A Prayer for Political Conversion
Over the past two weeks, Americans were treated to the quadrennial spectacle of the two major political parties’ national conventions. Each party graced us with an endless parade of speakers making the very clear point that their party represents all that is good and true, while the other party would heap unmitigated disaster upon the heads of the poor, the elderly, small business owners, or any other key demographic one could imagine.
On the final night of each convention, after the rhetoric, the biographical videos, and the applause, Timothy Cardinal Dolan, Archbishop of New York, approached the microphone to offer his blessing and his prayer. No non-Catholic news source featured his remarks in their coverage, but his firm and clear voice delivered the most powerful words uttered at either gathering.
It has often been said that to effectively communicate the truth to others, it is helpful to affirm the ways in which they already acknowledge and live out the truth. In his prayer to the Republican National Convention, Cardinal Dolan began by asking God’s “benediction upon those yet to be born, and on those who are about to see you at the end of this life.” In doing so, he affirmed the Republican Party’s official opposition to abortion and it’s role as the political vehicle for most of the nation’s pro-life politicians.
At the Democratic National Convention, Cardinal Dolan likewise affirmed the concern many Democrats have for social justice, asking God’s blessing upon those “who work hard for the day when a greater portion of your justice, and a more ample measure of your care for the poor and suffering, may prevail in these United States.”
Above all, though, Dolan’s prayers were calls to unity and ultimately conversion for leaders and members of both parties. In an interview with Kathryn Jean Lopez, the cardinal humbly defended his decision to offer prayers at both conventions and to invite both candidates to the Al Smith Dinner.
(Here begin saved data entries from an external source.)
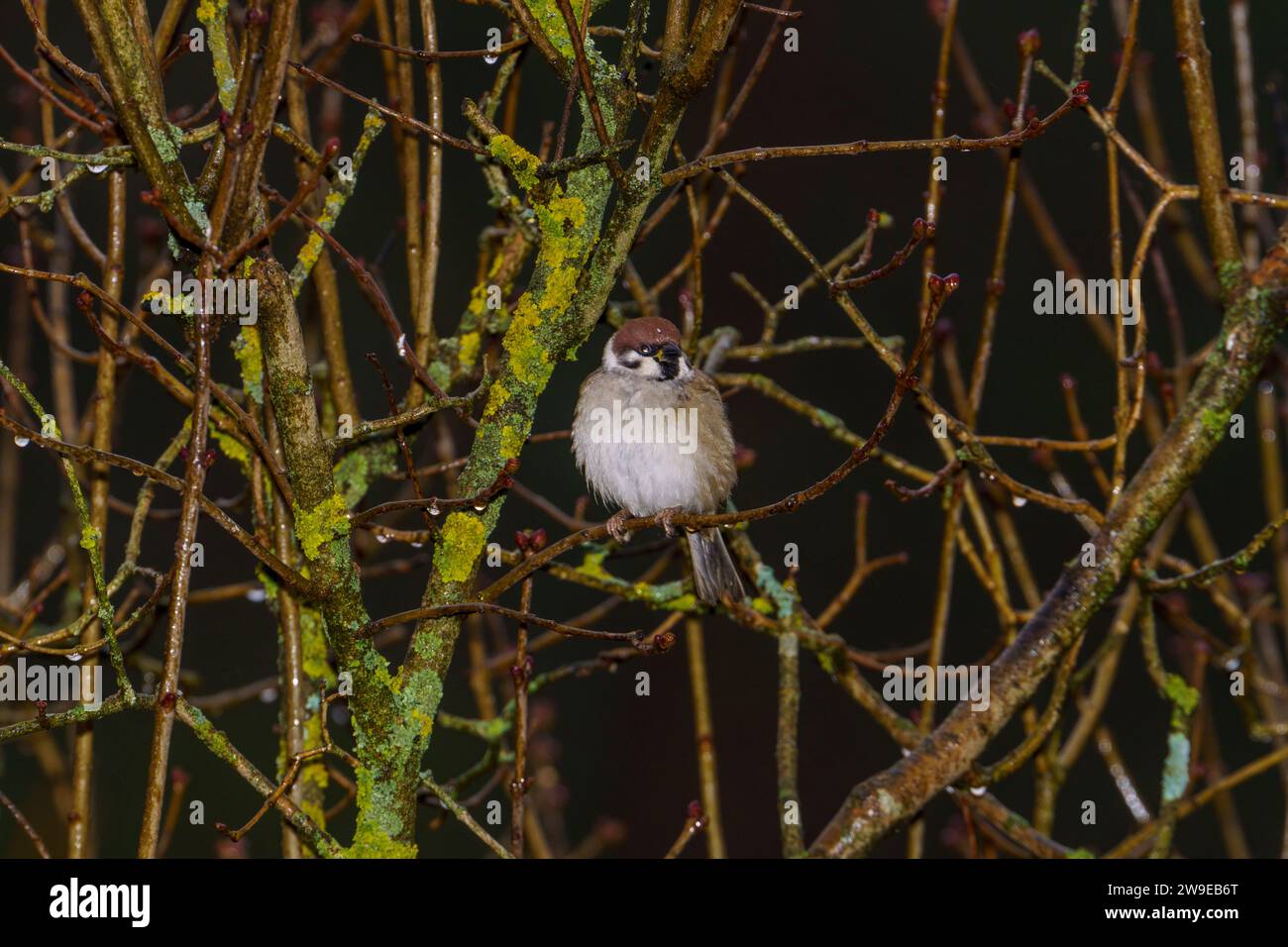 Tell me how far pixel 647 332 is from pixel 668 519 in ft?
3.08

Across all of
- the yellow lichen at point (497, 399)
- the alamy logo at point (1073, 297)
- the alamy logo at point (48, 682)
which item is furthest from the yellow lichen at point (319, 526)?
the alamy logo at point (1073, 297)

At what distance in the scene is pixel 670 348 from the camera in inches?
119

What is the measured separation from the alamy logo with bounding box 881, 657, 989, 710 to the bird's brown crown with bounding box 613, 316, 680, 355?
3.01 ft

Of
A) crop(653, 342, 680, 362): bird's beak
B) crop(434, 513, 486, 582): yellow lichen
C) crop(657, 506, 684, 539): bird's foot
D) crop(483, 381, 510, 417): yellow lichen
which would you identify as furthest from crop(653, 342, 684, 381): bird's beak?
crop(434, 513, 486, 582): yellow lichen

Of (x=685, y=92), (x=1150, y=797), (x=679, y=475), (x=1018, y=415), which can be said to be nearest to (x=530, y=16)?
(x=685, y=92)

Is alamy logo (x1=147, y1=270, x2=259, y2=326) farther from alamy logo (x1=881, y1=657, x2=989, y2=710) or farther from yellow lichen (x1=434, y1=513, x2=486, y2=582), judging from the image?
alamy logo (x1=881, y1=657, x2=989, y2=710)

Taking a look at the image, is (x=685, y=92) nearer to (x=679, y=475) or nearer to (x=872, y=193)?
(x=679, y=475)

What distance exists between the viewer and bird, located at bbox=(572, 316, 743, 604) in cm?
312

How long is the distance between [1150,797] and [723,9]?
16.8ft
He believes that the Church’s effectiveness and witness are weakened if her leaders are not willing to pray and share meals even with those who reject the Church’s teaching.
While making clear that the parties are not equally good or bad in the positions they take, Dolan stressed that all have room for improvement:
“We also pray for conversion,” he offers, and that is part of his prayer, too. “Because there are things with the Republicans that some Catholics have reservations about. There are certainly things with the Democrats, as you pinpointed [abortion], that Catholics have great reservations about. And so to pray for conversion in each, I think, is not a bad thing.”
How would such a conversion manifest itself in our politics? At both conventions, but especially at the DNC, Dolan identifies the natural law as the ultimate measure of whether laws are just and ordered to authentic human development:
We praise and thank you for granting us the life and the liberty by which we can pursue happiness. Show us anew that happiness is found only in respecting the laws of nature and nature’s God. Empower us with your grace so that we might resist the temptation to replace the moral law with idols of our own making, or to remake those institutions you have given us for the nurturing of life and community.
This is the path to renewing our nation. We don’t defend traditional marriage, for example, simply because of a divine precept found only within our faith tradition. It is part of the very fabric of every healthy society throughout history. At the RNC, Dolan described the natural law as “the boundaries of righteous living [God] inscribed in our hearts even before inscribing them on tablets of stone.” It is an objective principle, ordered to the reality of human nature, not some artificial construct that can be thrown out and replaced. Indeed, to reject the natural law in order to satisfy our every desire is to dehumanize our society.
There is one important sentence that appears in identical form in both prayers. In praying for God’s guidance and blessing upon the candidates, Dolan implored God, “Help them remember that the only just government is the government that serves its citizens rather than itself.” How many of the political debates of our day treat people as problems to be dealt with? From abortion to physician-assisted suicide to immigration, we focus on the costs or inconveniences created by the existence of individuals created in the image and likeness of God. The true good of every individual, the dignity of each and every human person, is the proper goal of every law and government policy.
May the example and leadership of Cardinal Dolan and his brother bishops inspire Catholics, and all Americans, to seek the renewal of our national life through prayer and faithful citizenship.